In Tok trennten sich unsere Wege wieder und wir beide fuhren dem Wrangell-St.Elias N.P. entlang weiter nach Valdez. Trotz dem dreitägigen Dauerregen genossen wir eine erlebnisreiche Schiffstour zum Columbia Gletscher. Über Anchorage führte uns der Highway dem Turnagain Arm entlang auf die Kenai Halbinsel. Kreuz und quer kurvten wir durch diesen herrlichen Teil von Alaska und gönnten uns in Seward eine weitere, faszinierende Schiffstour zum Holgate Gletscher, welcher zum imposanten Harding Icefield gehört. Ein weiterer Höhepunkt unserer Alaska-Reise war zweifellos der Flug in den Katmai N.P. wo wir aus nächster Nähe Bären beobachten und unser anschliessender, 10-tägiger Aufenthalt im Denali N.P. Durch viele, unglaublich tolle Eindrücke und Erlebnisse reicher fuhren wir nach Fairbanks - den nördlichsten Punkt unserer Reise - und von nun an ging's nur noch südwärts.

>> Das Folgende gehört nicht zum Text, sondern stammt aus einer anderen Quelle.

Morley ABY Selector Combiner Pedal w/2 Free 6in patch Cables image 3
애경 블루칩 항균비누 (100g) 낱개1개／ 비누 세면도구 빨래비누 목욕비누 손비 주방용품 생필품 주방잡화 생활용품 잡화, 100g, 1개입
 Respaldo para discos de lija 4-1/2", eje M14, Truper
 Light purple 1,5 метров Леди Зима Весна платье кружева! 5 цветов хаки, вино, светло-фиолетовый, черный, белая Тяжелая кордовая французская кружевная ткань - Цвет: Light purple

In Haines verluden wir "Little Sunshine" ein weiteres Mal auf die Fähre und genossen eine 2-tägige Fahrt durch die Inside Passage bis nach Prince Rupert. Noch einmal führte uns der Weg Richtung Salmon Arm, durch die jetzt in den wunderschönsten Herbstfarben leuchtenden Jasper und Banff Nationalparks. Der nahende Winter liess uns nach einem kurzen Aufenthalt in Salmon Arm von unseren Freunden Lisa + Andy Abschied nehmen und trieb uns zügig weiter Richtung Süden.
Von nun an ging unsere Reise wieder mit beiden Fahrzeugen weiter, alles der traumhaft schönen Pazifikküste entlang bis nach Los Angeles. Hier trennten wir uns mit schwerem Herzen von unserem treuen Gefährten "Little Sunshine". Die Honda Goldwing stellten wir bis zu unserer nächsten USA-Reise hier in Los Angeles ein und dann ging das letzte Stück unserer Reise in einem nicht so ganz geräumigen Mietauto weiter zu unseren Verwandten Nicole, Kodzo und deren Kinder nach Phoenix/Arizona. Noch einmal tankten wir Sonne und Wärme, genossen die herzliche Gastfreundschaft und spielten mit den Kindern, bevor wir unter Krokodilstränen Abschied nahmen und unsere 18-monatige Traumreise mit dem Flug zurück in die Schweiz endgültig beendeten.